While this hydrogen gas supply is almost completely emission-free, the requirement to construct expensive electrolysers and introduce green hydrogen installations into the current renewable energy infrastructure has rendered the method unsustainably costly and, to the point of redundancy, logistically complicated. Numbers from the International Energy Agency (IEA) showed that the cost of generating green hydrogen could be $3 to $7.50 per kilogram more than three times the price of producing 'grey' hydrogen using natural gas. Furthermore, Wood Mackenzie study found that the production of green hydrogen is only 0.1% of the total world's annual production of hydrogen.
A recent European initiative, in view of these obstacles, could help green hydrogen achieve its enormous energy potential. Renewable energy investment centre EIT InnoEnergy introduced last year the European Green Hydrogen Acceleration Centre (EGHAC) which seeks to boost the growth of green hydrogen technologies and logistics by generating half a million new jobs in an industry worth €100bn by 2025.
However, can financial strength and lofty goals alone be enough to solve the green hydrogen industry's multiple challenges? It remains to be seen if the EGHAC will overcome the problems that have troubled green hydrogen for decades, with challenges ranging from a lack of technological advancement to an unwillingness to invest.
The scaling-up process is one of the biggest obstacles to all emerging technologies, not only green hydrogen. A transition from solely scientific and technological problems to logistical, economic, and, in some cases, political ones entails going from small-scale demonstrations of viability to large-scale industrial processing.

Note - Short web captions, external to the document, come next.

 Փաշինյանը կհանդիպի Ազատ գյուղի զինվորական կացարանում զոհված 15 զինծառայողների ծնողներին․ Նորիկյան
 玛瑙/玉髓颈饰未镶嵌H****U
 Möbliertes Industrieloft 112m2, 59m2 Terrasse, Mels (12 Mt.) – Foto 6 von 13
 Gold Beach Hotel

Similar to the prohibitive start-up costs of creating green hydrogen solutions, the alleged loss of financial returns from investing in technology has discouraged investors from funding projects based on this technology.

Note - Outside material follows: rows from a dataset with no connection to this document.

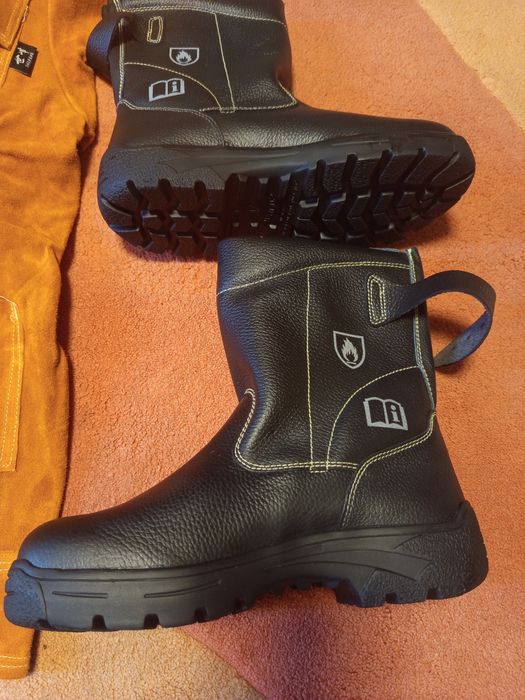 Casaco e botas de Soldador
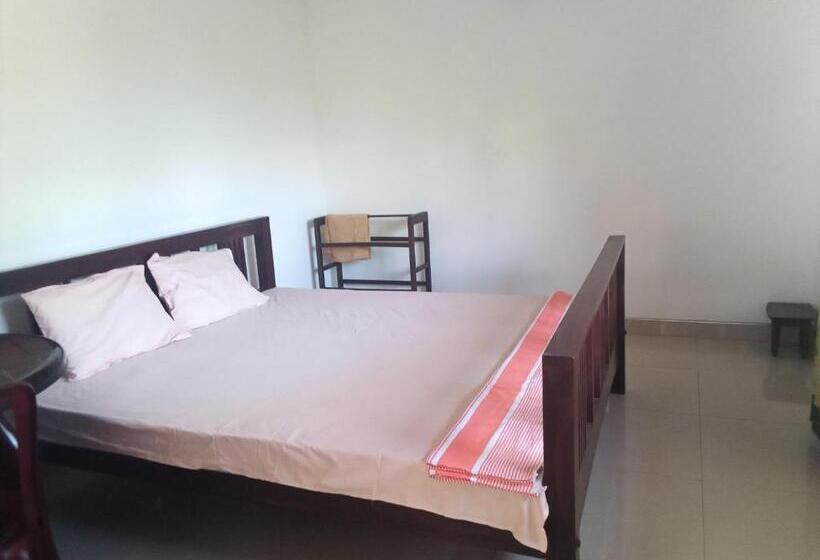 膳宿费 Twin Trees Guest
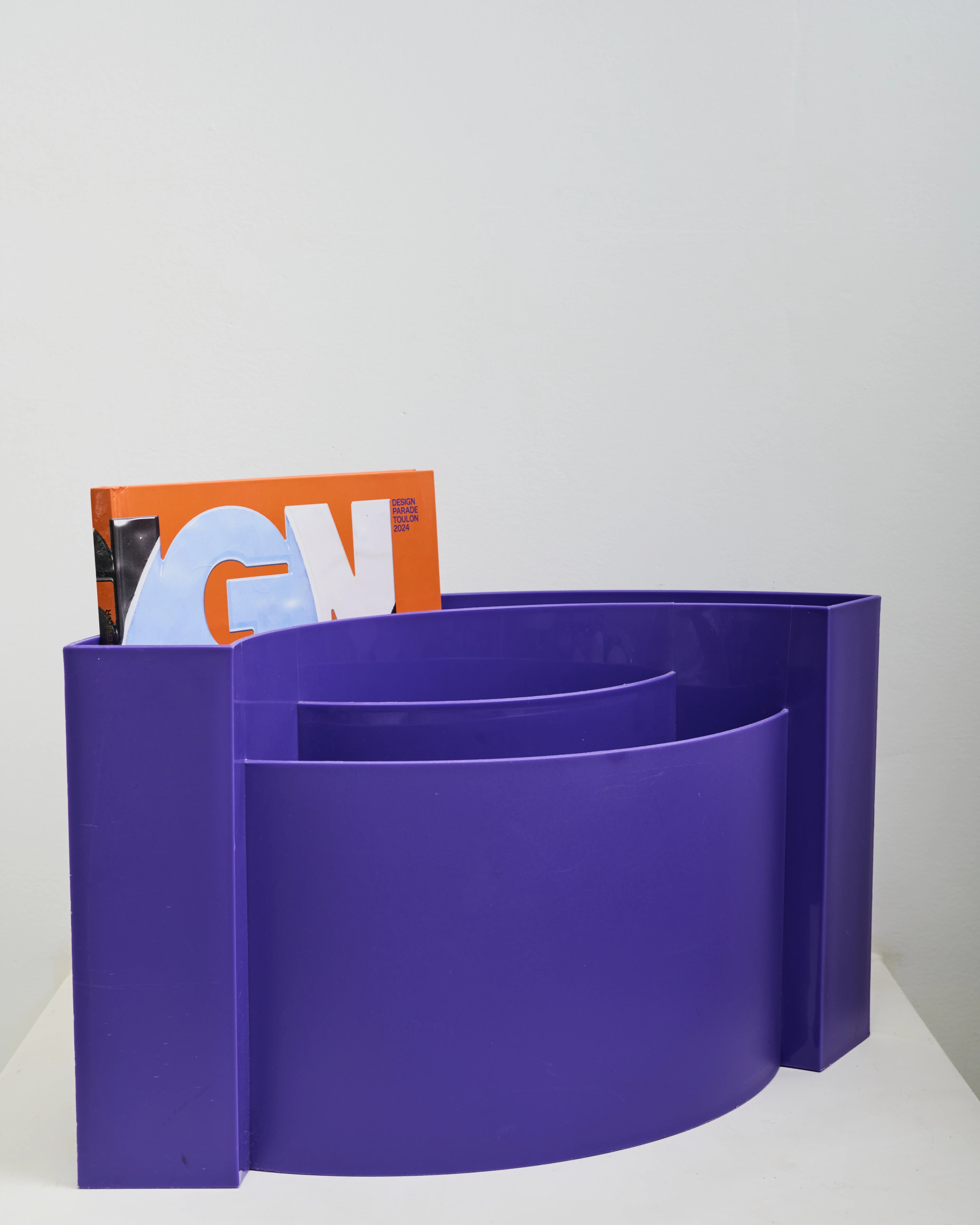 Magazine rack, Space Age, 1970-1980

Although green hydrogen and other clean energy sources are both striving for the same end goal, there is a notion that large-scale implementation of green hydrogen is an inherently flawed idea because it will divert other renewable energy products from producing electricity.
On a continent-wide scale, there is a question of efficiency: why invest in renewables to fuel green hydrogen, when one could invest directly in renewables?

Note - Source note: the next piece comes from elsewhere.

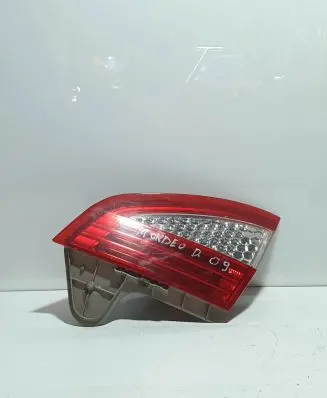 Ford Mondeo MK IV Tailgate rear/tail lights 0374D
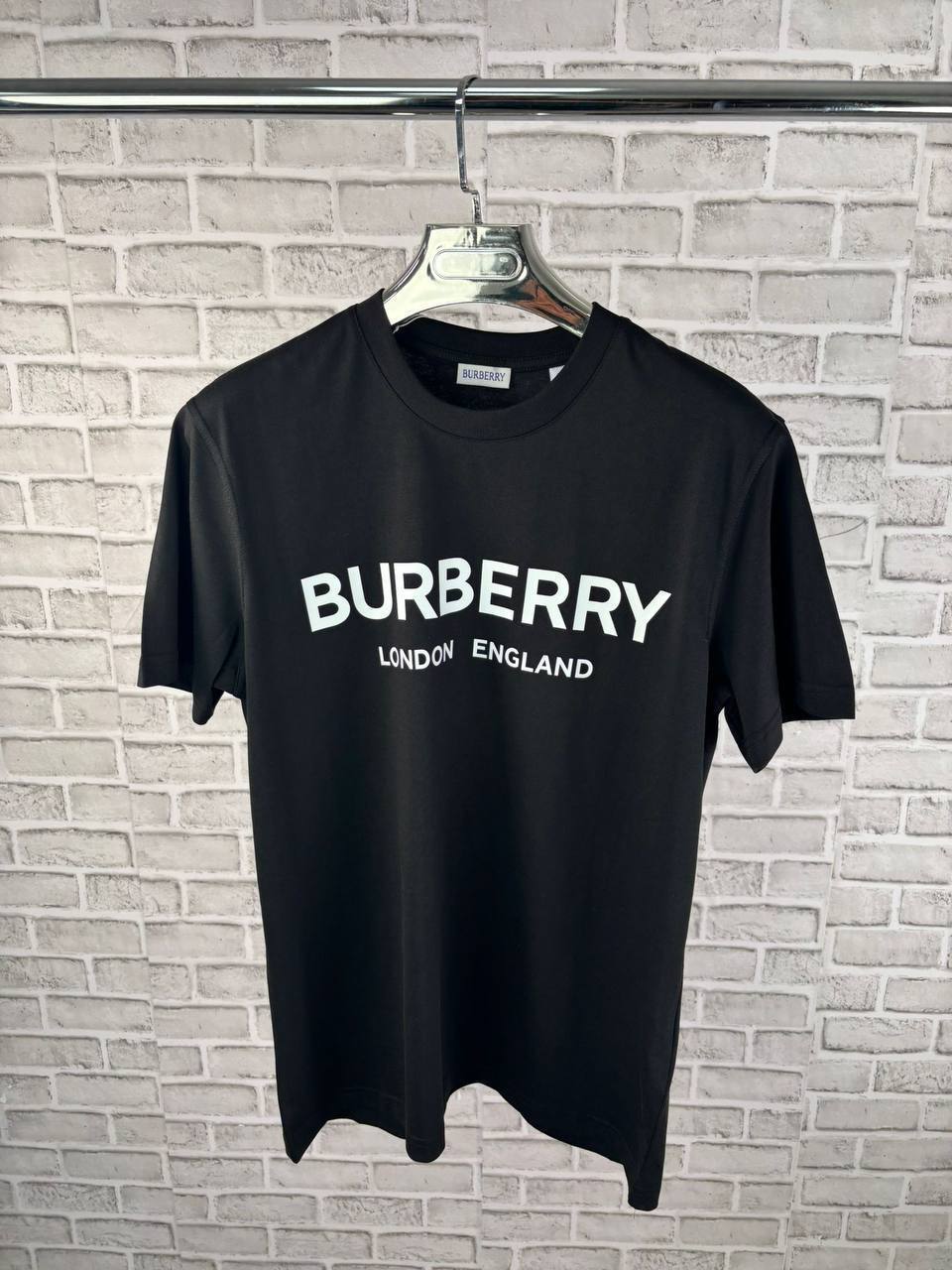Burberry London T-Shirt Spellout Logo Mens in Multiple Colors UK Reps AAA Quality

To address this obstacle, the EGHAC is aiming to take advantage of a mixture of rising demand for renewable energy and declining prices of green hydrogen. IEA numbers indicate that the existing European wind and solar capacity is just over 300 GW, an ambitious amount, but well below the 700 GW total capacity needed to meet the EU's 2030 energy mix goal of two-thirds based on renewable energy.
The need for quick transition in the continent's energy systems could fuel investment in and foster promising but unproven solutions, such as green hydrogen, as Europe is running out of time to achieve its objectives.
In addition, Wood Mackenzie estimates suggest that by 2040, the cost of generating green hydrogen could drop by as much as 64 percent, a drastic decrease that would reduce the high start-up costs of green hydrogen, a barrier not shared by other renewable energy sources.